(ENTRIES SHOWN Opens)

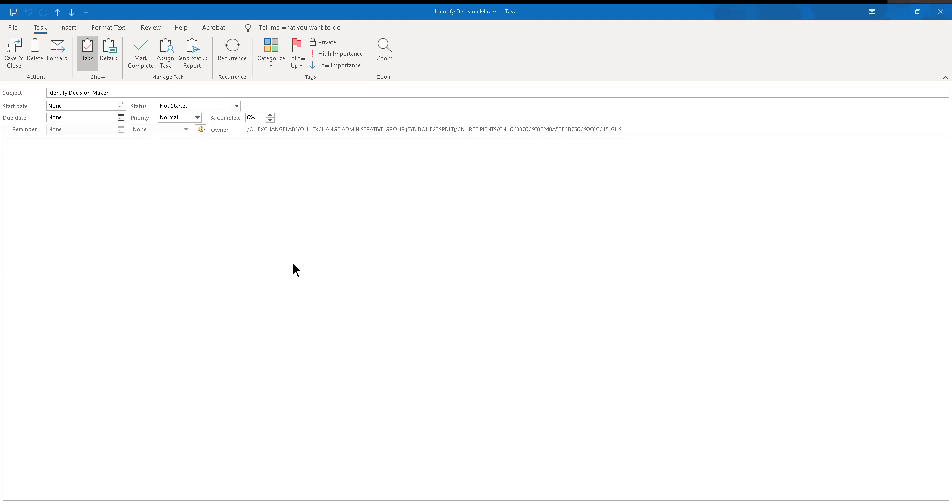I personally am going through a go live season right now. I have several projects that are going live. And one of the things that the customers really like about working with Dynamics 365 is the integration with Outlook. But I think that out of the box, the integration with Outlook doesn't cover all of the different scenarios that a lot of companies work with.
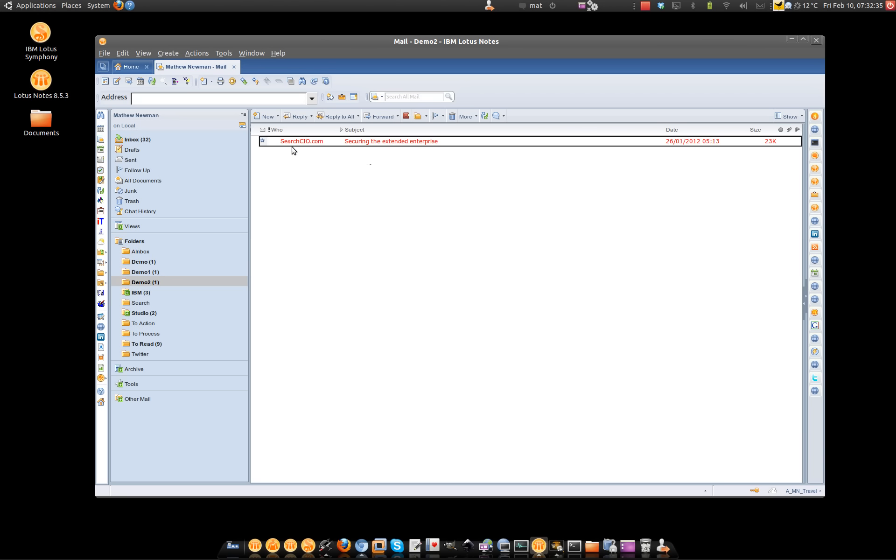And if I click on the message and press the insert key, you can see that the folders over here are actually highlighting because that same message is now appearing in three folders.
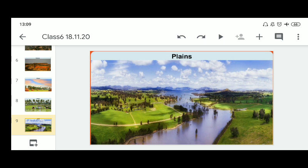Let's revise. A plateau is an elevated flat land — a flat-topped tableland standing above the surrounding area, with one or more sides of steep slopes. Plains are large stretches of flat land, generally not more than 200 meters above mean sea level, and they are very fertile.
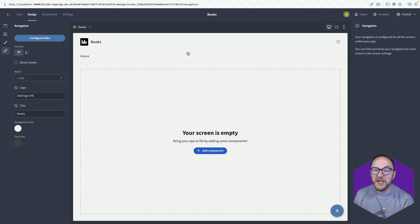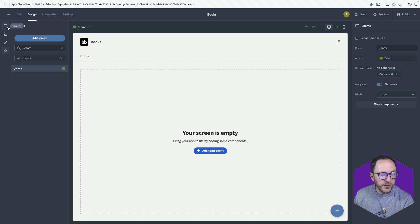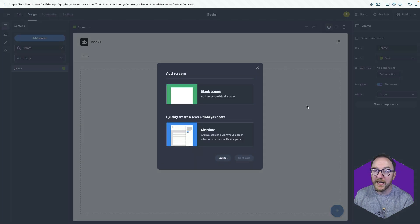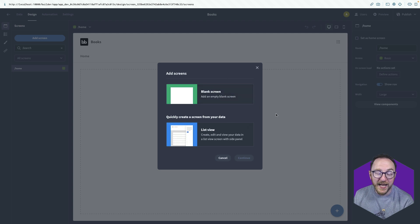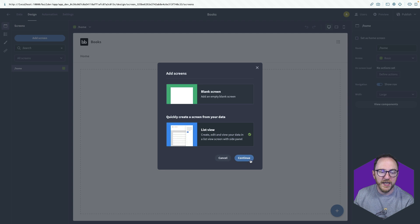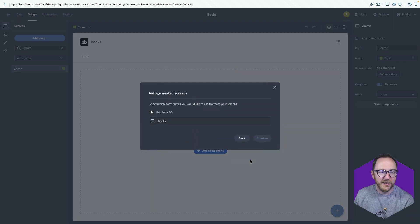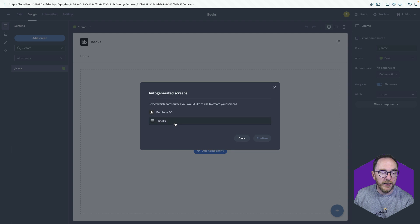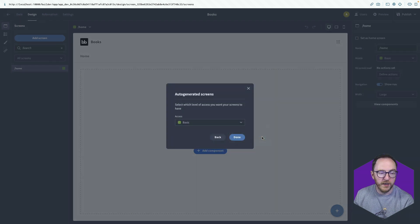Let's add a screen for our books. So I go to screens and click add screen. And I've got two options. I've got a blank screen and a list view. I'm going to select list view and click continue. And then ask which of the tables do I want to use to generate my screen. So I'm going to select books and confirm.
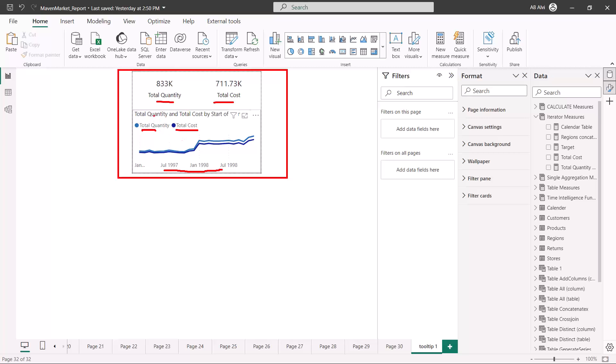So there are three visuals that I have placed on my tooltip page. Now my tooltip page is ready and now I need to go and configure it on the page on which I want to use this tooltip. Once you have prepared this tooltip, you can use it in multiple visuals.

(ENTRIES SHOWN Closes)

= WHAT IS EXPECTED =
Would it be possible to copy the material exactly, excluding the images?

= REPLY TO THE EXERCISE =
I personally am going through a go live season right now. I have several projects that are going live. And one of the things that the customers really like about working with Dynamics 365 is the integration with Outlook. But I think that out of the box, the integration with Outlook doesn't cover all of the different scenarios that a lot of companies work with.
And if I click on the message and press the insert key, you can see that the folders over here are actually highlighting because that same message is now appearing in three folders.
Let's revise. A plateau is an elevated flat land — a flat-topped tableland standing above the surrounding area, with one or more sides of steep slopes. Plains are large stretches of flat land, generally not more than 200 meters above mean sea level, and they are very fertile.
Let's add a screen for our books. So I go to screens and click add screen. And I've got two options. I've got a blank screen and a list view. I'm going to select list view and click continue. And then ask which of the tables do I want to use to generate my screen. So I'm going to select books and confirm.
So there are three visuals that I have placed on my tooltip page. Now my tooltip page is ready and now I need to go and configure it on the page on which I want to use this tooltip. Once you have prepared this tooltip, you can use it in multiple visuals.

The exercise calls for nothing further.